The Swedish town of Eskilstuna is not the most well-known town in Sweden. However, it has recently made international headlines for becoming the first town in the world to open a shopping mall entirely dedicated to the sale of goods that have been repaired and upcycled.
The mall is known as ReTuna Aterbruksgalleria and includes 14 shops, a café/restaurant which sells organic food, an exhibition area, conference facilities and a training centre where students can study recycling. All items for sale in the mall are second-hand and visitors to the mall can buy furniture, computers and audio equipment, clothes, toys, bikes, gardening tools and building materials.
Upcycle Studio labels ReTuna Aterbruksgalleria as “A shopping mall with a difference” and adds that not only is it a “Refreshing take on the idea of the shopping centre, the stores inside also help to make a big difference for our planet.”
Also at the centre are places where visitors can dispose of unwanted old goods. Businesses and vendors then have an opportunity to use these goods, improve and upgrade them and then sell them again. This avoids goods simply being thrown out and becoming waste, a problem the local government would then have to deal with. It also helps to save energy and encourages a culture of recycling and reuse amongst local residents.

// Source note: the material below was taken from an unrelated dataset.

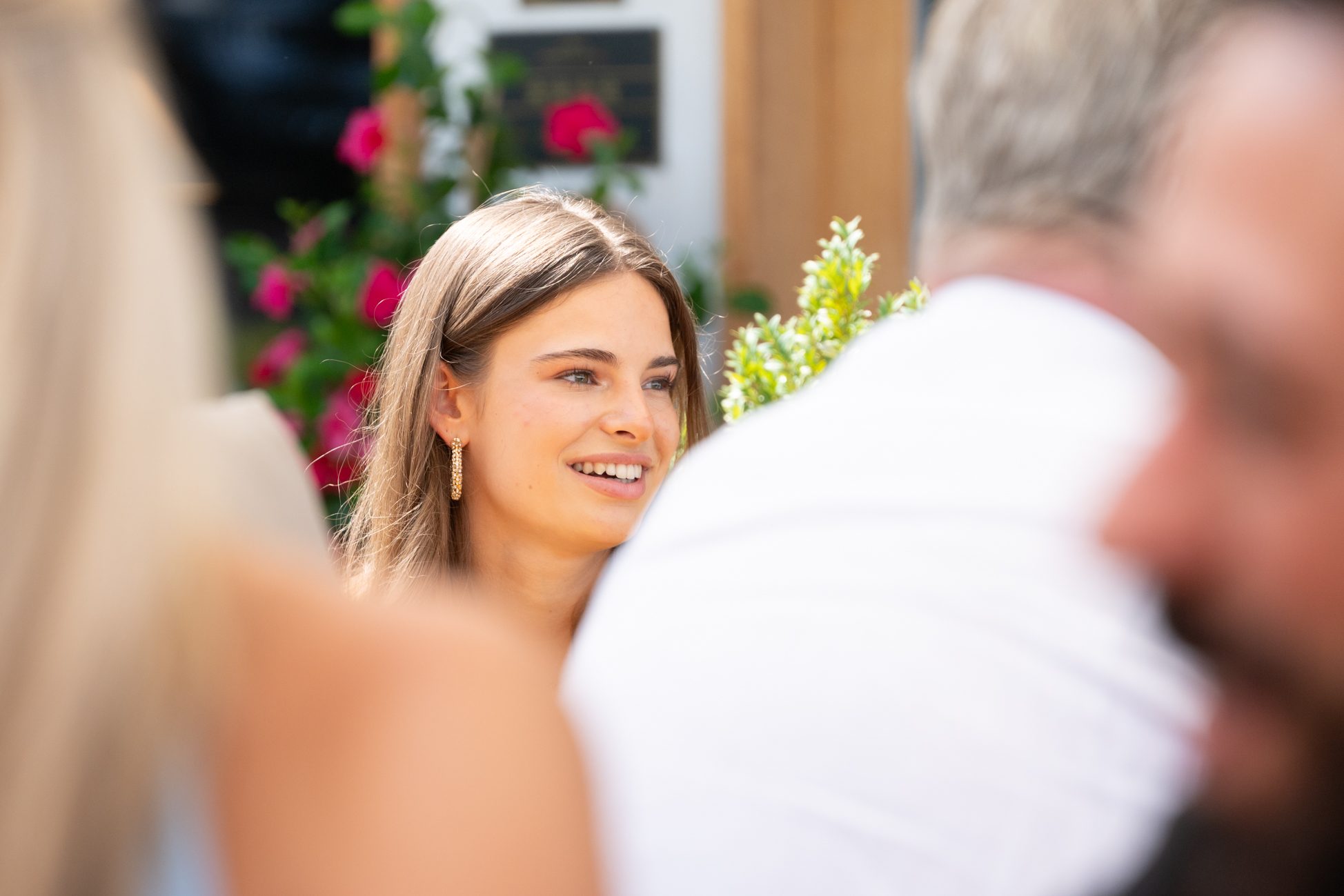 Junge Frau unterhält sich lächelnd beim Aigner Immobilien Sommerfest mit anderen Gästen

Fifty new jobs were created during the construction of the mall which is operated by the local municipality. However, the shops in the centre itself are private businesses and social enterprises so this creates space for innovative start-ups and local entrepreneurs and artisans to operate. This, according to Upcycle Studio, means “The mall looks minimal and well curated [and] not like a hodgepodge of vintage items that you would find at your local flea market.”
The website Make Wealth History describes the mall as “A living demonstration of the circular economy, a very practical way of unlocking the value in what we throw away, and it’s a project we could all learn from.”
If successful, the concept could be replicated in other environmentally conscious municipalities, towns and cities. Other similar malls could help create new jobs, reduce waste and help change behavioural patterns of citizens and consumers.